Negotiating The New Normal, Part Seven - When You're In Dire Straits

It would be wonderful if all it took for all of us to get through this economic upheaval was a little bit of belt-tightening. Hey! Just-don’t-spend-so-much-for-a-little-while! Get-a-new-job! Problem solved! Not always that easy, is it?

If gaining clarity has shown you that a likely path ahead is going to compel you to make big changes that you’d rather not make, I want to acknowledge that that sucks. I wish I could offer you something that would make a real difference, like say; a job, or a new market niche for your small business, or a rent-free house. I can’t. I can only offer this: however bad the truth is, hiding from it will only temporarily dissipate your anxiety. Avoiding the situation is understandable, but not sustainable.
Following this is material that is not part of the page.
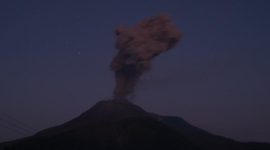 Gunung Lewotobi Laki-Laki di Flores Timur, NTT, kembali meletus dashyat dengan memuntahkan abu vulkanik 1.500 meter, Senin (8/6/2026). Foto: Ist.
Accepting that the situation is what it is, and making decisions on that basis will get you through in better shape than hoping that things will change all by themselves. Begin by doubling-down on self-care. If your financial picture is really bad, you are most likely going through a whole range of extreme emotion (when you’re not feeling numb, that is). All of which make total sense - anger, fear, shame, self-doubt, wild optimism, wishful thinking, disgust, sadness, outrage at the unfairness of it all – sometimes one at a time, sometimes several at once. Followed by times of feeling nothing, because you’re exhausted.

Communicate how you’re feeling, have that validated, and ask someone to be beside you as you look at your financial situation. Now is not the time to go it alone either emotionally, or when planning out the worst case. Lean on others. When you’ve got the strength and support, my recommendation is to not only face up to the likely situation, but to work through it in detail. What are the things you can control? What is your bare-bones absolute minimum budget? What would you do if you had to sell your house? What steps will you take if you have to re-locate to find work? What could you do if it proves hard to find a new job? How do you access government benefits or NGO support in times of hardship?

The Stoics have known for years that knowing steps you’ll take if the worst happens is calming. Being calm helps you to face the situation, and to do the things that are within your power that may prevent the absolute worst from happening. Sometimes the worst is not what happens, but what it does to our view of ourselves. To go from being a homeowner to renting; from being a small business owner to being unemployed; from standing on our own two feet to being someone who needs support.
This change in our self-view can bring us feelings of shame and defeat. And because our default mode is to imagine that the way things are right now is the way they will continue to be forever, it can be hard to imagine a future that is better than the present we are in.

It can be empowering at times like these to look to your cultural and family history to see how people before you have coped with hard times. Every family and culture can point to times when they suffered hardship. How did they come through? They did. You will, too.